*** Exercise inputs Section Begins ***

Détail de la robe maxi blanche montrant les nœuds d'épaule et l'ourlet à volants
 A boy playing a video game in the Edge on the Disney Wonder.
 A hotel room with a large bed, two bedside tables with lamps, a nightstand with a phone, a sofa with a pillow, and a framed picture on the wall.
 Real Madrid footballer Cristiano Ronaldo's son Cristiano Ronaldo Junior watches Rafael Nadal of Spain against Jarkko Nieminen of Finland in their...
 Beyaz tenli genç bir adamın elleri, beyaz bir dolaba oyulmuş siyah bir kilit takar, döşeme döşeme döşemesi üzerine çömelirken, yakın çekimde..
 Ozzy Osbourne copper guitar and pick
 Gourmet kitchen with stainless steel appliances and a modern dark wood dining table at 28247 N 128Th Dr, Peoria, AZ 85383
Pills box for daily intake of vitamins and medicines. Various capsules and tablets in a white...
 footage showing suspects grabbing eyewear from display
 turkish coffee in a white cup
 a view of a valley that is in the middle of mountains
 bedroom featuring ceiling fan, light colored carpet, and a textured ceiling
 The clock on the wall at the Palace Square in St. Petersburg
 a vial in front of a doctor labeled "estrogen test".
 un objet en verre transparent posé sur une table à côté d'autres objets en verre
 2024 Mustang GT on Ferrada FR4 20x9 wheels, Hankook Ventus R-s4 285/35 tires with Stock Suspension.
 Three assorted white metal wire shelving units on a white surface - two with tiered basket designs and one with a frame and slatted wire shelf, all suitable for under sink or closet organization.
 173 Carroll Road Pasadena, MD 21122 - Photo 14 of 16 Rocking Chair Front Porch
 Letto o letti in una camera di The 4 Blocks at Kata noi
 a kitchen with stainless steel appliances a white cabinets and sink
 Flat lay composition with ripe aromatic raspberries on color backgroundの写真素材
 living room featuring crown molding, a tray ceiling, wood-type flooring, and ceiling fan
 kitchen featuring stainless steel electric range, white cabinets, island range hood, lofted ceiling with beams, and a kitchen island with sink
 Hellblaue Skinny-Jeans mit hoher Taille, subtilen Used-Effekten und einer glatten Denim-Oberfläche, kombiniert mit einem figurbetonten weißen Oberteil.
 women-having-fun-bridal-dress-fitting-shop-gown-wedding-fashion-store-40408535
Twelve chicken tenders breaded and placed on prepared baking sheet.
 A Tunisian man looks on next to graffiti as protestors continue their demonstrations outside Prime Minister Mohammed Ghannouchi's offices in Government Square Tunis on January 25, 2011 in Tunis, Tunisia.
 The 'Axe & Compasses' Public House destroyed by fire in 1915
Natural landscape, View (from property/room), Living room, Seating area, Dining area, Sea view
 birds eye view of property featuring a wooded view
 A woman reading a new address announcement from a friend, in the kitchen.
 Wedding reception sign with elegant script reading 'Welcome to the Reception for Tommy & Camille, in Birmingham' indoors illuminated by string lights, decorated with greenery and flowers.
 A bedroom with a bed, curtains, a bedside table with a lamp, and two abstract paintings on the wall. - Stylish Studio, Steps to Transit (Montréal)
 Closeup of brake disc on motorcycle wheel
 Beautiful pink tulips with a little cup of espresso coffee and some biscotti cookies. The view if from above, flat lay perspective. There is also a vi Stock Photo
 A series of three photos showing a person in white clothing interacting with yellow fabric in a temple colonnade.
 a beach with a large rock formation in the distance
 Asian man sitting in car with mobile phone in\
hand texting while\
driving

*** Exercise inputs Section Ends ***

_Problem requirements:_
Retrieve each line of the data in which the word "stainless" can be found.

_Answer space:_
 Gourmet kitchen with stainless steel appliances and a modern dark wood dining table at 28247 N 128Th Dr, Peoria, AZ 85383
 a kitchen with stainless steel appliances a white cabinets and sink
 kitchen featuring stainless steel electric range, white cabinets, island range hood, lofted ceiling with beams, and a kitchen island with sink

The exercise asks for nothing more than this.